======== Available records

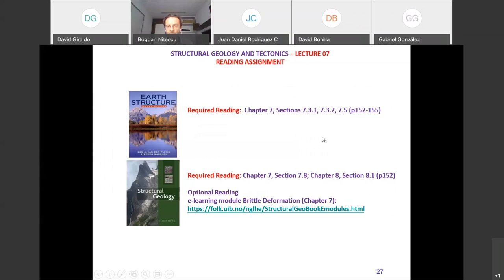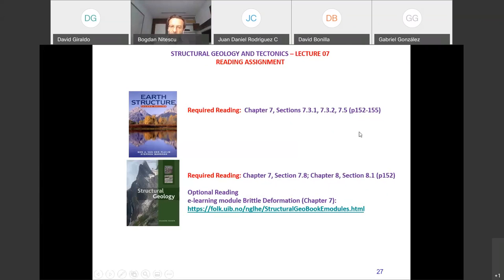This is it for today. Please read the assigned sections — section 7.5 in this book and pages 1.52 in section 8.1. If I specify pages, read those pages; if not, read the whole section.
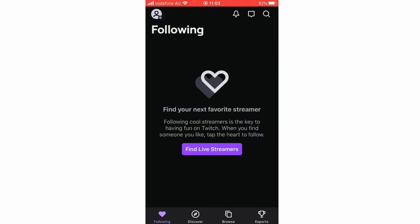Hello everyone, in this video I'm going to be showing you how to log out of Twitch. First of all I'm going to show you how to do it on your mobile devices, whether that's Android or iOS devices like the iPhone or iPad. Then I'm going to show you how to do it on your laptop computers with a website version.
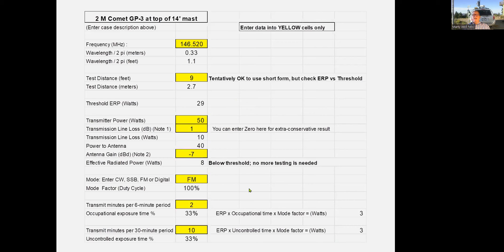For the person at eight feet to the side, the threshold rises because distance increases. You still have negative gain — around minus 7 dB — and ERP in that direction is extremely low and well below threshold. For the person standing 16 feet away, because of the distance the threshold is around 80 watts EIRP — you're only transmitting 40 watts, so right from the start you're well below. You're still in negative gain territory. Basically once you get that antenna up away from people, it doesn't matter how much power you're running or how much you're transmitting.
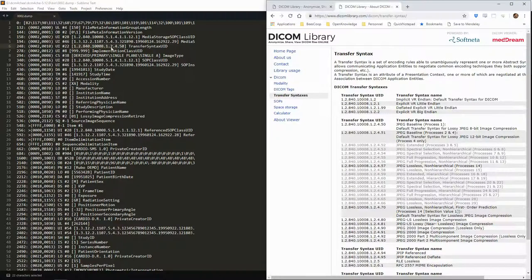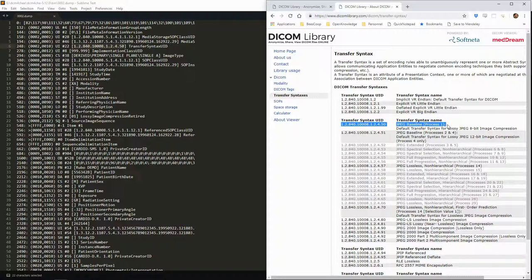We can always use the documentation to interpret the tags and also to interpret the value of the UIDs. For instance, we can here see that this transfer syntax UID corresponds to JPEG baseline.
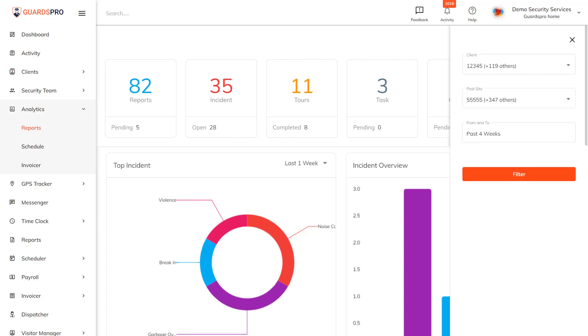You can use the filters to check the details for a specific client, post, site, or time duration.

================

What you will do ▸ Leave out the pictures. Return exactly the lines from the first line of the records to the line bearing "Hello everyone, in", inclusive.

Task solution ▸
This is it for today. Please read the assigned sections — section 7.5 in this book and pages 1.52 in section 8.1. If I specify pages, read those pages; if not, read the whole section.
Hello everyone, in this video I'm going to be showing you how to log out of Twitch. First of all I'm going to show you how to do it on your mobile devices, whether that's Android or iOS devices like the iPhone or iPad. Then I'm going to show you how to do it on your laptop computers with a website version.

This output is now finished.